YOUR INSTRUCTIONS:
Using the entries below, quote exactly the span of lines that begins with the line containing "Puppies for Sale" and ends with the final line.

[Data items]
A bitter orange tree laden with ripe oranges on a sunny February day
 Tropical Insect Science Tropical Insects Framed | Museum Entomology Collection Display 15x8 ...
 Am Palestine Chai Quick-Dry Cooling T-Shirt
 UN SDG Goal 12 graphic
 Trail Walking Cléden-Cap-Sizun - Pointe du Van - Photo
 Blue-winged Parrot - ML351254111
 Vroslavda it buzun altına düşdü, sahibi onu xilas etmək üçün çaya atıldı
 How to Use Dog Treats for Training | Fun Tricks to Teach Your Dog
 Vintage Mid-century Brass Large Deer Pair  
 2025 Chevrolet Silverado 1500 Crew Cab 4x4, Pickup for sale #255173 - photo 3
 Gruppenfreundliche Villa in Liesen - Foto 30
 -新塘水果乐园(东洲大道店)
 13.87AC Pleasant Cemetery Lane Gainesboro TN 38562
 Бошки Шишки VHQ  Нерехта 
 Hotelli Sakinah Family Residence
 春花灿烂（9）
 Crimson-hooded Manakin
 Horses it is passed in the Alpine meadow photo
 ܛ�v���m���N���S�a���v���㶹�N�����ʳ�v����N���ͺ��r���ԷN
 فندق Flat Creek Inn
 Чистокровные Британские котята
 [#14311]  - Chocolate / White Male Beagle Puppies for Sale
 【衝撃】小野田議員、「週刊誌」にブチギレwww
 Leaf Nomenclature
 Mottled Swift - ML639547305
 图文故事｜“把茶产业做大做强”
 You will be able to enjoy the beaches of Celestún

REPLY:
 [#14311]  - Chocolate / White Male Beagle Puppies for Sale
 【衝撃】小野田議員、「週刊誌」にブチギレwww
 Leaf Nomenclature
 Mottled Swift - ML639547305
 图文故事｜“把茶产业做大做强”
 You will be able to enjoy the beaches of Celestún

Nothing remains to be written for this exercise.